A recent study proposed a staging system based on tumor size, symptoms, behavior (growth), and the presence of complications, and the authors tailored their treatment of intra-abdominal DTs according to the stage. Stage I desmoids were watched carefully, and the patients were only occasionally started on NSAID. If a stage I desmoid was found incidentally during surgery and was easily resectable, resection was performed. Stage II tumors were treated by surgery (if resectable with minimal sequelae), and anti-estrogens or NSAIDs were also used whenever possible in order to obtain a faster and more consistent response with a low risk of adverse effects. Stage III desmoids were treated with a combination of NSAID, anti-estrogens, and cytotoxic agents, and patients with stage IV disease received urgent treatment, including major exenterative surgery whenever possible, as well as cytotoxic agents and radiation [25].
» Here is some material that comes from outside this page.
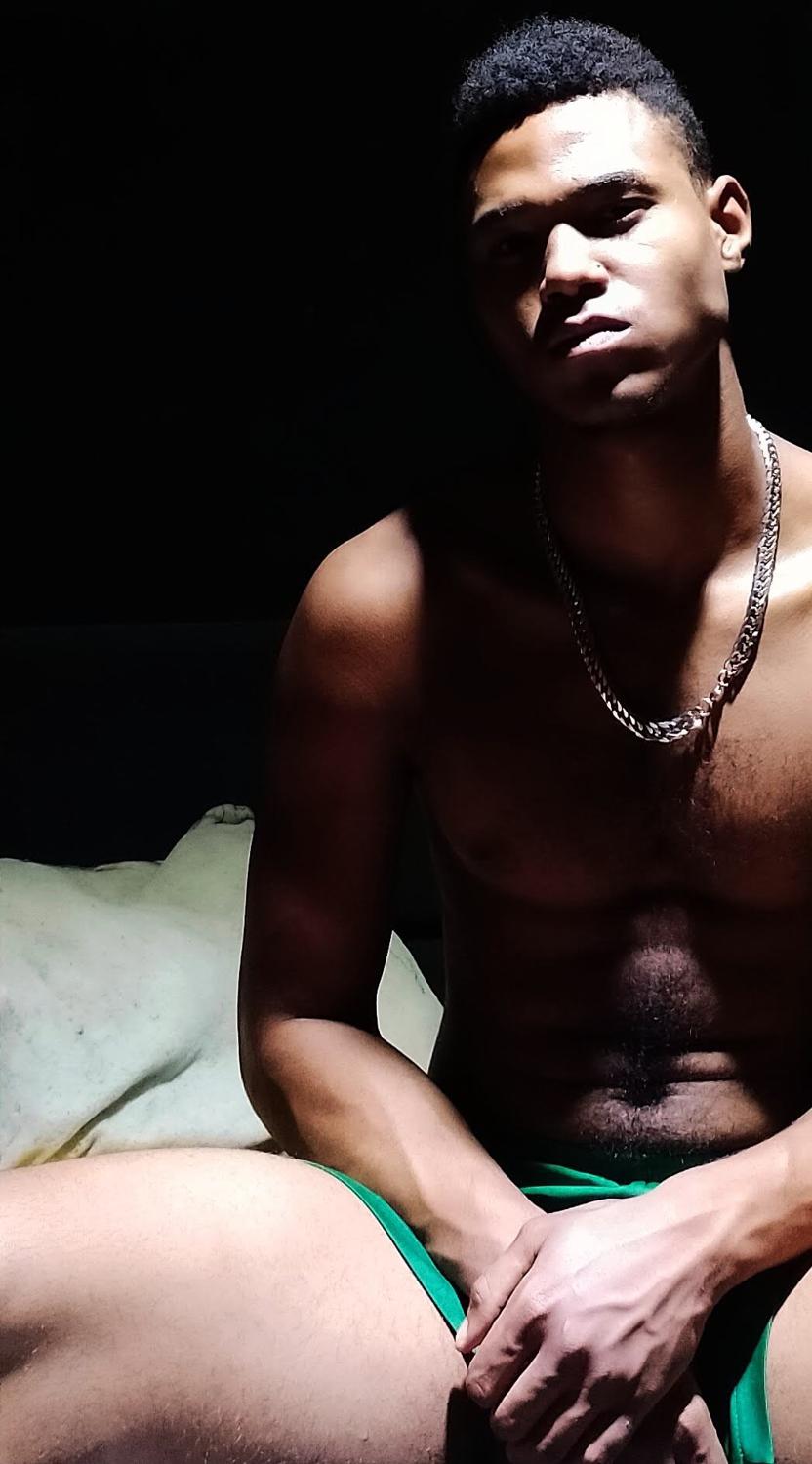 Erotiqueboy974's media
In our study, no difference in mortality and progression rate was observed between the curative resection group and the palliative resection group. Intra-abdominal DTs were a sign of locally aggressive tumors with unpredictable behavior requiring multidisciplinary treatment. Due to the possibility of massive small bowel resection, we recommend medical treatment in cases of mesentery DTs. In cases of abdominal wall DTs, we recommend surgical resection. Surgical intervention was also required in cases of bowel obstruction, fistula, and tumor rupture. We believe that the role of surgery is limited to resectable tumors and tumors with complications such as fistulae and bowel obstructions. Although there was no established strategy for medical therapy of DT in our center, we usually started the treatment with sulindac and tamoxifen or tamoxifen and goserelin acetate. We consider treatment with a cytotoxic agent such as doxorubicin-based chemotherapy or imatinib mesylate after failure of primary treatment.

Surgical trauma is a well-known risk factor for desmoids in patients with FAP. Some authors recommend delayed prophylactic surgery for female patients with 3′ APC mutations, since development of DTs is quite likely in these patients [3,24]. In the current study, we found that patients with DTs that were not the consequence of surgical trauma were at increased risk of tumor progression and this showed an association with tumor-related death. DTs unrelated to surgical trauma appeared to relapse despite curative resection. However, this was a small study and a large-scale multicenter study is needed in order to confirm our conclusions.

Conclusion

DTs in patients with FAP are mainly intra-abdominal, particularly mesenteric. A multidisciplinary approach to DT treatment that includes NSAIDs, anti-estrogens, cytotoxic agents, and surgery is needed. However, the role of surgery may be limited to resectable tumors and tumors with complications. Patients with DTs unrelated to surgical trauma appear to have a relatively poor prognosis.